A défaut de s’apaiser, la crise ukrainienne ne s’envenime plus. Cela ne suffit pas à déjà parler d’une désescalade car, aux frontières orientales de l’Ukraine, des troupes russes poursuivent des manœuvres si imposantes que Kiev craint ouvertement qu’elles ne puissent annoncer une invasion. Les Etats-Unis s’en inquiètent également mais la tension semble parallèlement avoir atteint son pic, pour l’heure en tout cas.

A la Haye où s’est réuni, hier, un sommet sur la sécurité nucléaire prévu de longue date, le ministre russe des Affaires étrangères, Sergueï Lavrov, a accepté un entretien avec le chef de la diplomatie ukrainienne, pourtant membre d’un gouvernement dont la Russie ne reconnaît pas la légitimité. L’Ukraine, pour sa part, ne parait pas envisager de couper les approvisionnements de la Crimée en eau et en électricité puisqu’elle en est, au contraire, à évoquer les prix – ceux du marché, dit-elle – auxquels elle voudrait désormais les assurer.

Côté occidental, maintenant, les Etats-Unis, la France, l’Allemagne, la Grande-Bretagne, l’Italie, le Japon et le Canada, les puissances économiques qui constituent le G-7 et qui s’étaient réunies en marge du sommet nucléaire n’ont pas été jusqu’à définitivement exclure la Russie de leurs rangs.
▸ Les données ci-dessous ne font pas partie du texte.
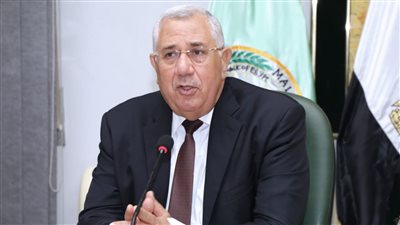 السيد القصير ومحافظ كفر الشيخ يتفقدان محطة البحوث الزراعية بسخا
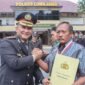 Kapolres Lumajang saat memberikan penghargaan kepada masyarakat
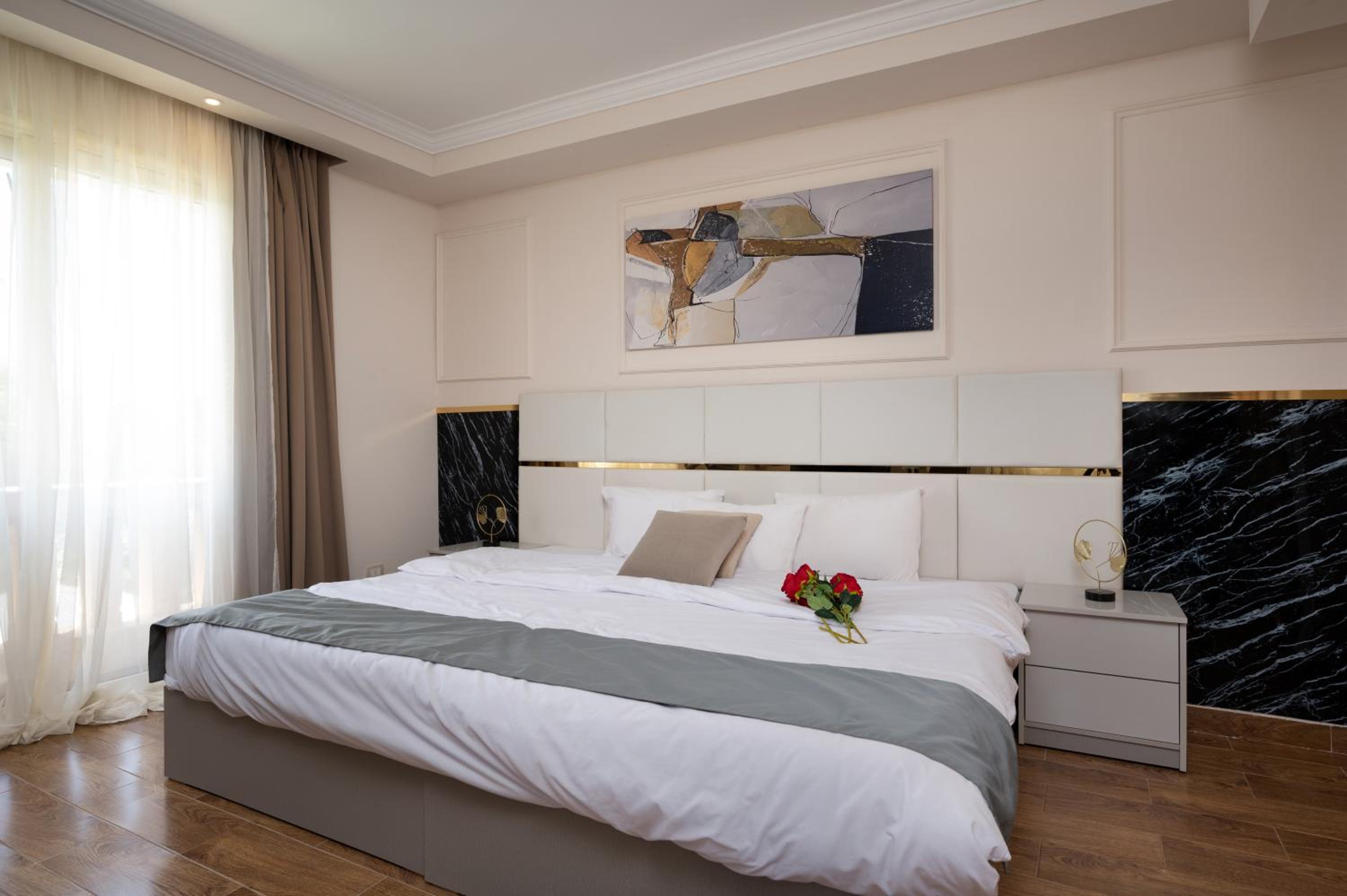 Zyra Luxury villa with pool and Jacuzzi in New Cairo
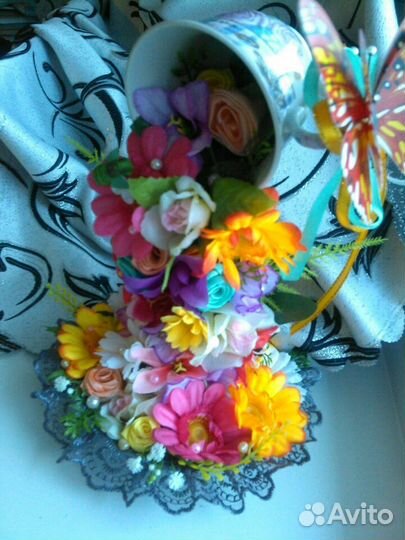 Парящая чашечка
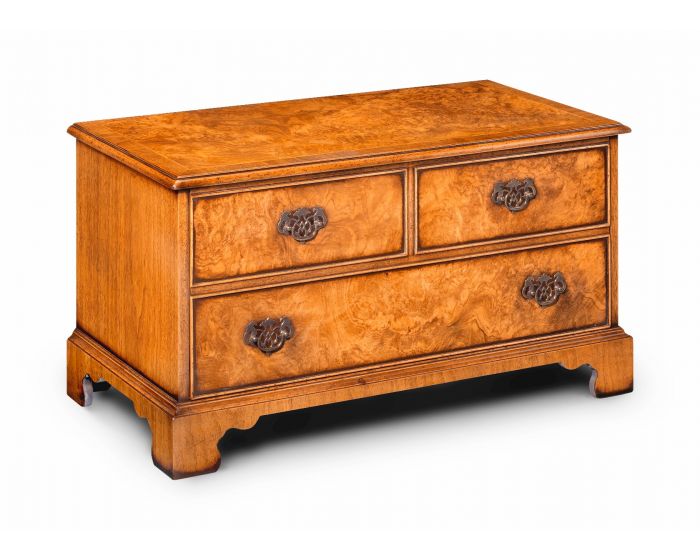 Iain James Television Cabinets 2 Shelf Flat Front TV/Video Base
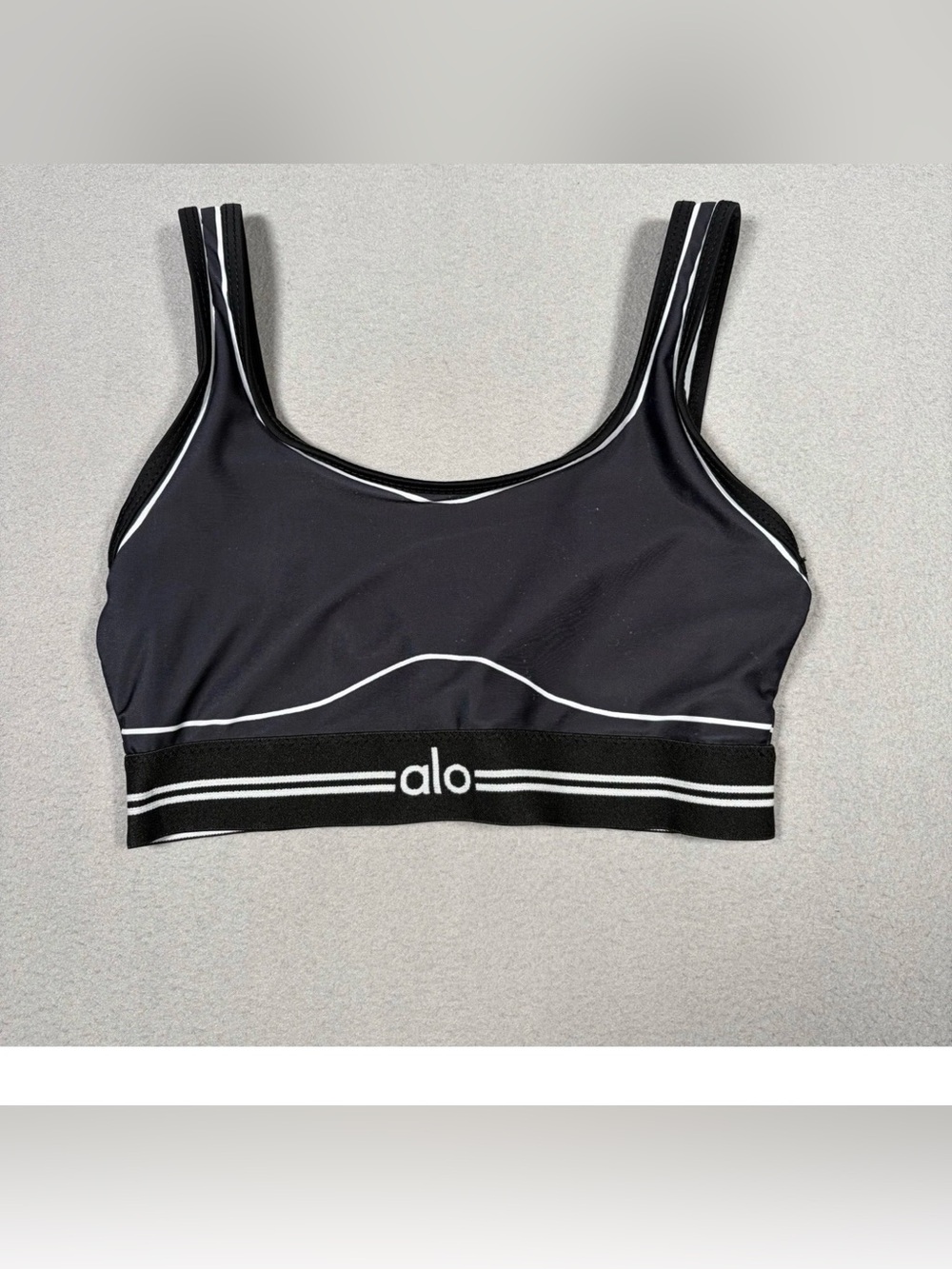 Alo Yoga Airbrush Heart Throb Bra Womens Small Navy Blue Performance Nylon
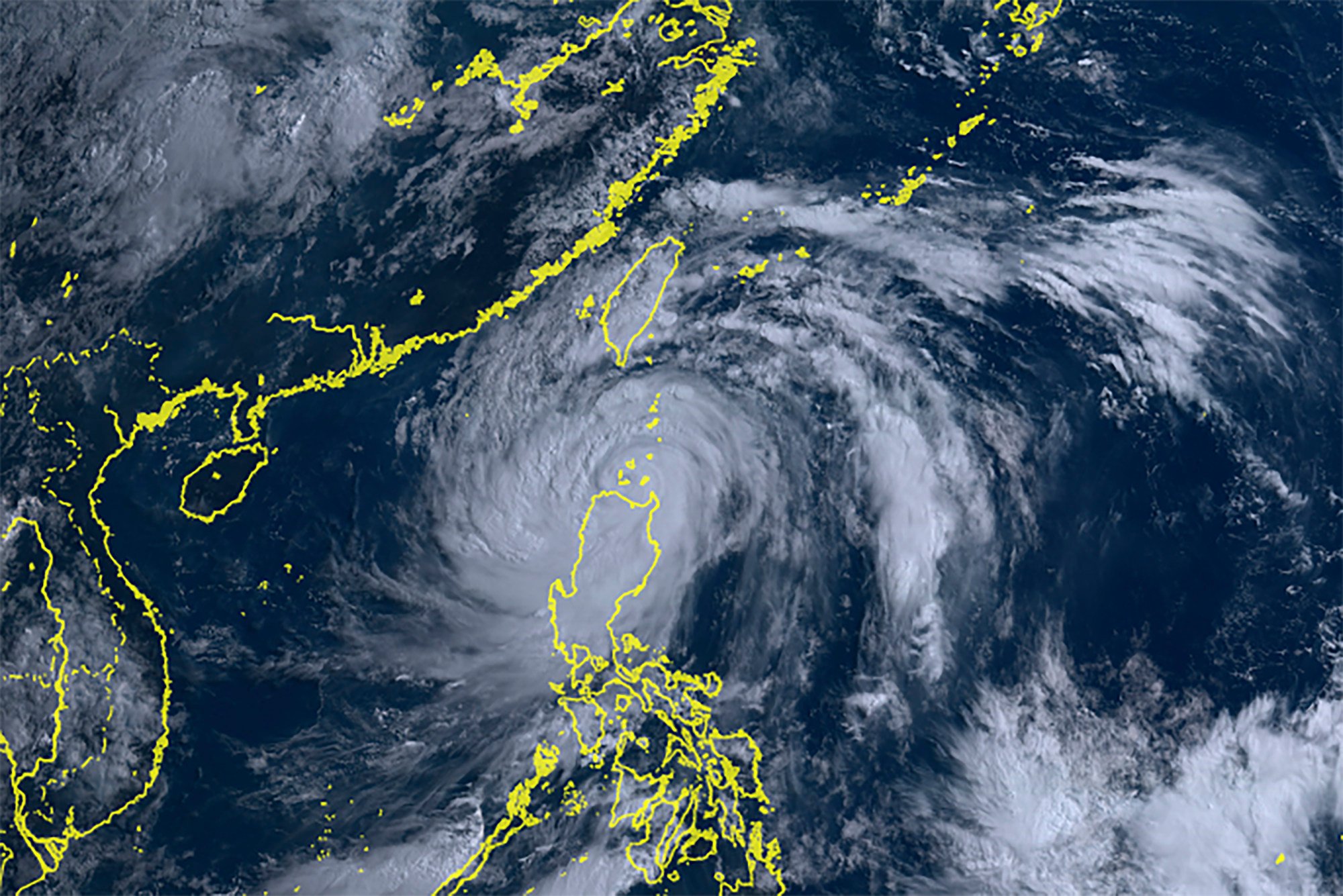 Hong Kong issues T1 signal as Super Typhoon Doksuri nears city, warning ...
Elles se sont finalement contentées d’annuler le G-8 qui devait se tenir, en juin à Sotchi, de se réunir sans les Russes à Bruxelles mais sans préjuger de ce qui se pourrait se passer les années suivantes. Sur fond de refroidissement durable avec Moscou et de diversification des approvisionnemenst énergétiques de l’Europe, les Occidentaux continuent ainsi à doser leurs sanctions et d’attendre de voir si les appétits de Vladimir Poutine s’arrêteront ou non à la Crimée.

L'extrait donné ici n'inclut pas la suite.